(Prince George’s County State’s Attorney’s Office)

A Prince George’s County police officer captured on video hitting a suspect with his cruiser during a pursuit was sentenced to two years of probation and 100 hours of community service in the case Friday morning.

A jury convicted Officer Juan Hernandez, 38, of second-degree assault in May.

Hernandez was chasing someone who was initially reported to be an armed suspect on June 13, 2016, prosecutors said. The suspect ran into a field, and Hernandez followed in his cruiser before striking the man during the incident, police video showed. The man turned out to be unarmed.

“I still think that this was an accident,” Hernandez said during his hearing. “I’m glad that he’s okay and nothing major happened to him.”

Judge Ingrid Turner specified Hernandez’s community service must involve directly working with youths and be finished in two years.

“This is a misuse of a position of trust in the community,” Turner said.

Prosecutors had asked that Hernandez spend three weekends in jail for the assault. Hernandez could have gotten closer to the suspect and jumped out of the cruiser to take him down, Prince George’s County Assistant State’s Attorney Joeday Newsom said. Hernandez did not check on the suspect’s condition after striking him, Newsom said.

“It was callous and lazy policing,” Newsom said.

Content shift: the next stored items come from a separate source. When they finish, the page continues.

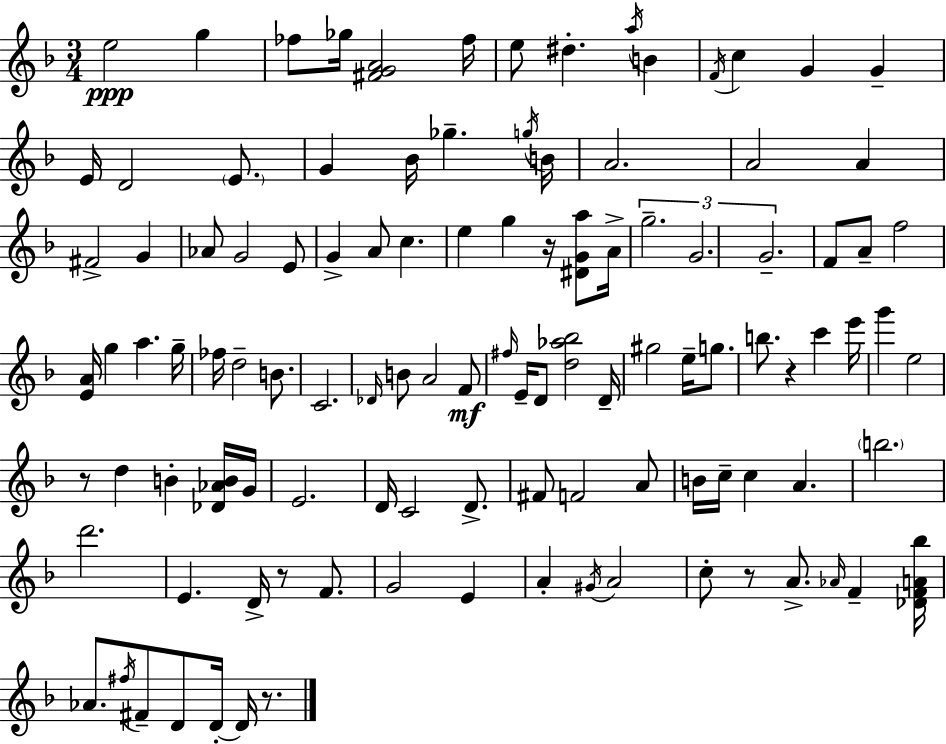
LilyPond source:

{
  \clef treble
  \numericTimeSignature
  \time 3/4
  \key d \minor
  e''2\ppp g''4 | fes''8 ges''16 <fis' g' a'>2 fes''16 | e''8 dis''4.-. \acciaccatura { a''16 } b'4 | \acciaccatura { f'16 } c''4 g'4 g'4-- | \break e'16 d'2 \parenthesize e'8. | g'4 bes'16 ges''4.-- | \acciaccatura { g''16 } b'16 a'2. | a'2 a'4 | \break fis'2-> g'4 | aes'8 g'2 | e'8 g'4-> a'8 c''4. | e''4 g''4 r16 | \break <dis' g' a''>8 a'16-> \tuplet 3/2 { g''2.-- | g'2. | g'2.-- } | f'8 a'8-- f''2 | \break <e' a'>16 g''4 a''4. | g''16-- fes''16 d''2-- | b'8. c'2. | \grace { des'16 } b'8 a'2 | \break f'8\mf \grace { fis''16 } e'16-- d'8 <d'' aes'' bes''>2 | d'16-- gis''2 | e''16-- g''8. b''8. r4 | c'''4 e'''16 g'''4 e''2 | \break r8 d''4 b'4-. | <des' aes' b'>16 g'16 e'2. | d'16 c'2 | d'8.-> fis'8 f'2 | \break a'8 b'16 c''16-- c''4 a'4. | \parenthesize b''2. | d'''2. | e'4. d'16-> | \break r8 f'8. g'2 | e'4 a'4-. \acciaccatura { gis'16 } a'2 | c''8-. r8 a'8.-> | \grace { aes'16 } f'4-- <des' f' a' bes''>16 aes'8. \acciaccatura { fis''16 } fis'8-- | \break d'8 d'16-.~~ d'16 r8. \bar "|."
}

Gina Ford, a spokesman for the Prince George’s County State’s Attorney’s Office, said cruiser camera video showed Hernandez turning into the man to run him over and it was “lucky” that the suspect wasn’t gravely injured. The man was not badly hurt and declined medical treatment.

Hernandez, who has been with the department for at least 11 years, was suspended on the day of the incident. Prince George’s County police investigated the incident internally and brought the case to the State’s Attorney’s Office for review.

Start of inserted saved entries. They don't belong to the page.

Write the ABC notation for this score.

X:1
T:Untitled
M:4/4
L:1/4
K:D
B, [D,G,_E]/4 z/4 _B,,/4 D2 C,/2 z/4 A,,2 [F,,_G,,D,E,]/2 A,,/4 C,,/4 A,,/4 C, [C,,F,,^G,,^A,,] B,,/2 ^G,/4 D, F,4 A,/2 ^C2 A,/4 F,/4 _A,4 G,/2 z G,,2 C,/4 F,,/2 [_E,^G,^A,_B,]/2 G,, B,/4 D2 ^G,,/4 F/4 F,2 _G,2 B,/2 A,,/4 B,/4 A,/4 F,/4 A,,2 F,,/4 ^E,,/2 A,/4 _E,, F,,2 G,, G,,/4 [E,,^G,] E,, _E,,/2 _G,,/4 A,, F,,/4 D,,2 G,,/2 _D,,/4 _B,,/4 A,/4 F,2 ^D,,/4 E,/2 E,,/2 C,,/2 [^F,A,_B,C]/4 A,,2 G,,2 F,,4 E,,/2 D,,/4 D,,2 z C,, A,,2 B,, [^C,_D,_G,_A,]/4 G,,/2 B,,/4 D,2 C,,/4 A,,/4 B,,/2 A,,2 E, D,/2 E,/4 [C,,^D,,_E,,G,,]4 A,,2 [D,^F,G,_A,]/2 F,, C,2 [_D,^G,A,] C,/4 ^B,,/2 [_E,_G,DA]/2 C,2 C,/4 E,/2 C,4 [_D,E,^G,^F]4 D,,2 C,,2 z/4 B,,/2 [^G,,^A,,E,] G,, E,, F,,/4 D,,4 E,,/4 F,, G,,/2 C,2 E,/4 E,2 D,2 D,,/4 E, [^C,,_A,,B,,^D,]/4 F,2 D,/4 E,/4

Hernandez’s attorney Shaun Owens said the officer has had a spotless record outside of this incident and was so well-respected in the department that he had been tapped to mentor young officers.

Owens said officers have to make “split-second decisions” that could put their lives and the lives of the public at risk. On that night, Hernandez was worried that the man he was chasing was armed and a threat to the community, Owens said.

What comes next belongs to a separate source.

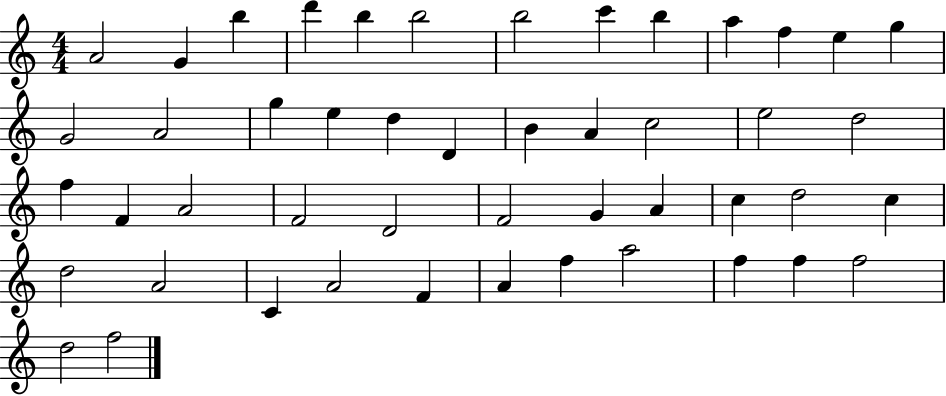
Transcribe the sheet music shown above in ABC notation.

“This was not an intentional act on his part,” Owens said of his client’s actions.

Hernandez will face an internal review in the police department to determine whether he will be fired, Owens said. Hernandez had been acquitted of misconduct in office.

John Teletchea, president of the Fraternal Order of Police for Prince George’s County, said Hernandez had a “stellar record” within the police department before the jury found him guilty of assault.

“One incident should not define the great work this man has done in his career and throughout his life,” Teletchea said.